Directions:
Pictures are not part of the answer. Return the lines from the one containing "Used 2024 Volkswagen" through the end of the data, both included, exactly as they appear.

*** Records to use Section Begins ***

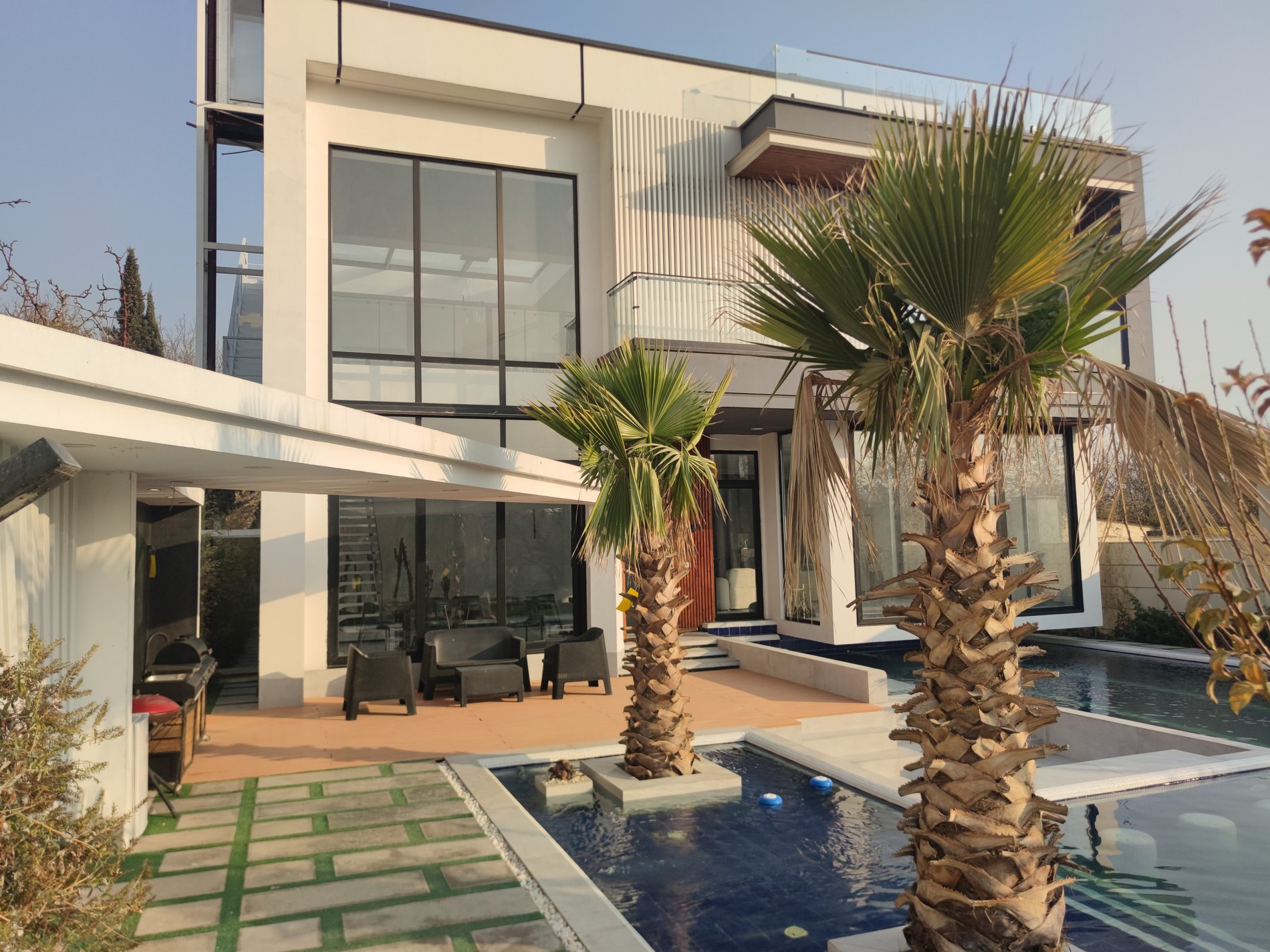 سه خوابه استخردار آبگرم ارم 1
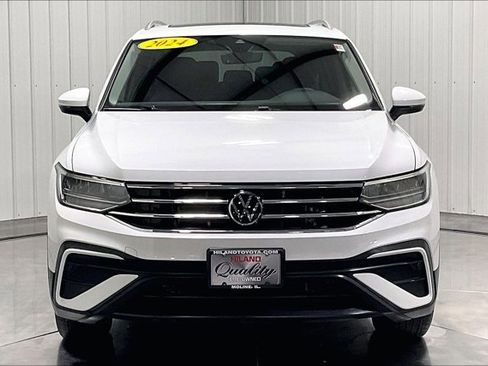Used 2024 Volkswagen Tiguan SE w/ Panoramic Sunroof Package FWD image 2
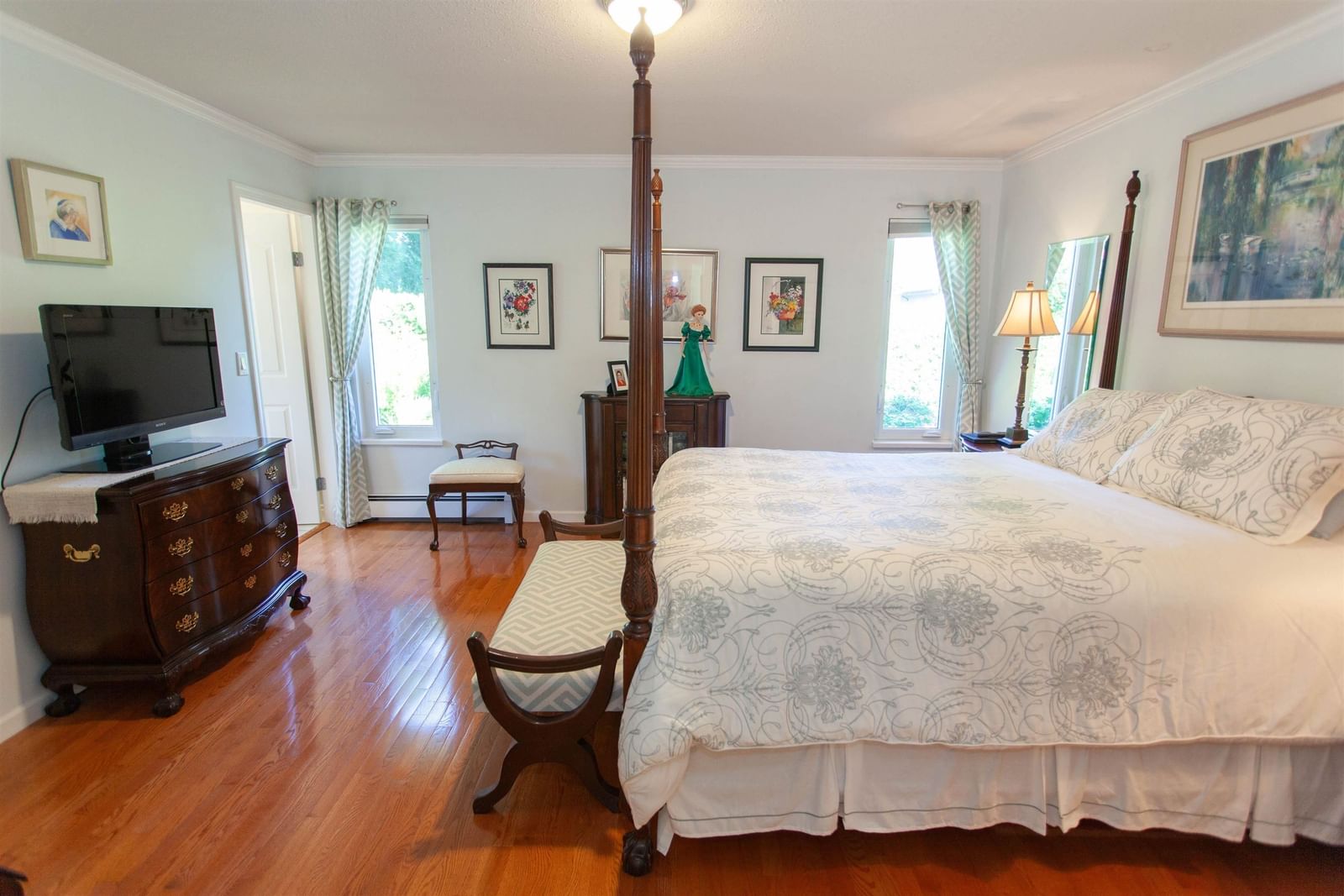 Listing Image 13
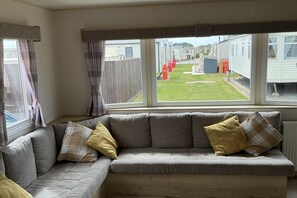 Living area - Familyfriendly-8berth-freeparkingspot-closetobeach (Skegness)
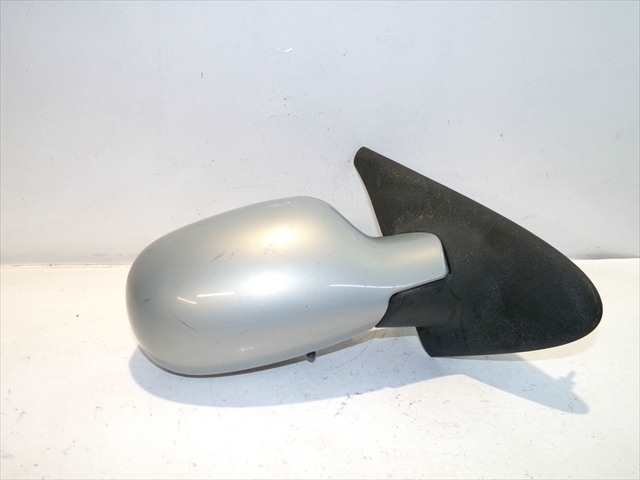 Foto 2ª: Retrovisor Derecho Renault Megane 1.9 DTI 1999-2002 [F9QA7] (2000)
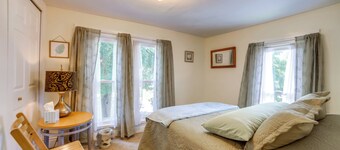 Fire Pit, BBQ & Yard: Family Home in Adrian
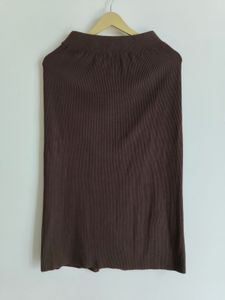 Brown Ribbed Knit Midi Skirt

*** Records to use Section Ends ***

Exercise response:
Used 2024 Volkswagen Tiguan SE w/ Panoramic Sunroof Package FWD image 2
 Listing Image 13
 Living area - Familyfriendly-8berth-freeparkingspot-closetobeach (Skegness)
 Foto 2ª: Retrovisor Derecho Renault Megane 1.9 DTI 1999-2002 [F9QA7] (2000)
 Fire Pit, BBQ & Yard: Family Home in Adrian
 Brown Ribbed Knit Midi Skirt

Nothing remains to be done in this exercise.